◆ What is being asked:
Would you give back exactly the lines from the line with "5 deep scratches" through the end of the entries below, both included, but none of the pictures?

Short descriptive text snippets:
_ _ _ _
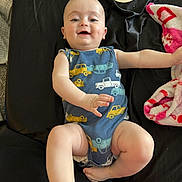 Rowan is registered to the contest to win money with this photo: baby, child, infant, smiling, blue_onesie, cars_pattern, black_background, blanket, pink_blanket, wooden_sign, six_months, happy, face, arms, legs, indoor, candid, cute, person, portrait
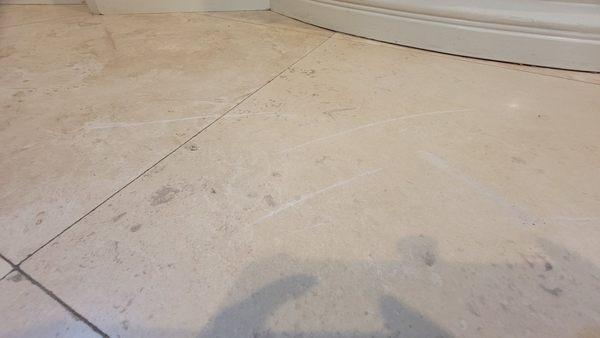 5 deep scratches on two travertine tiles caused by a fumigation metal fan.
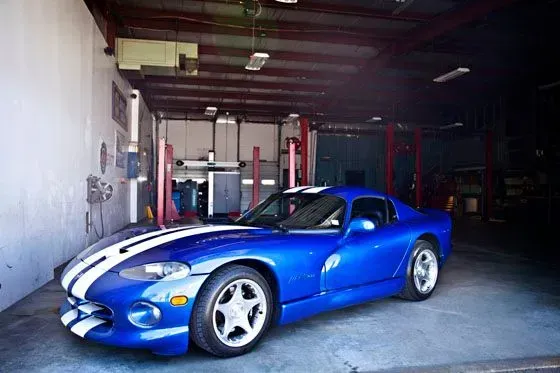 Blue sports car with white racing stripes parked inside a garage | Sparks Tire & Auto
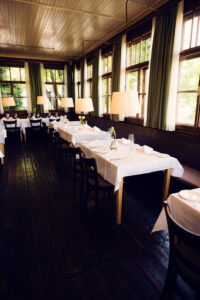 Traditional table settings featuring fine linens and crystal.
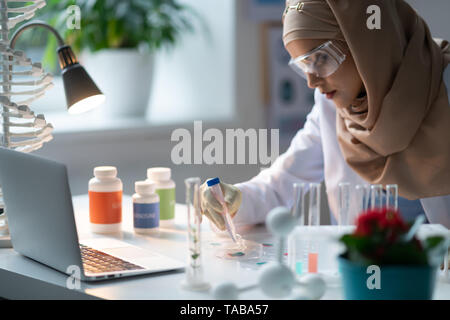 Laboratoire chimique. Femme portant le hijab travaillant dans le laboratoire chimique l'étude des agents chimiques Banque D'Images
_ _ _ _
◆ Response area:
 5 deep scratches on two travertine tiles caused by a fumigation metal fan.
 Blue sports car with white racing stripes parked inside a garage | Sparks Tire & Auto
 Traditional table settings featuring fine linens and crystal.
 Laboratoire chimique. Femme portant le hijab travaillant dans le laboratoire chimique l'étude des agents chimiques Banque D'Images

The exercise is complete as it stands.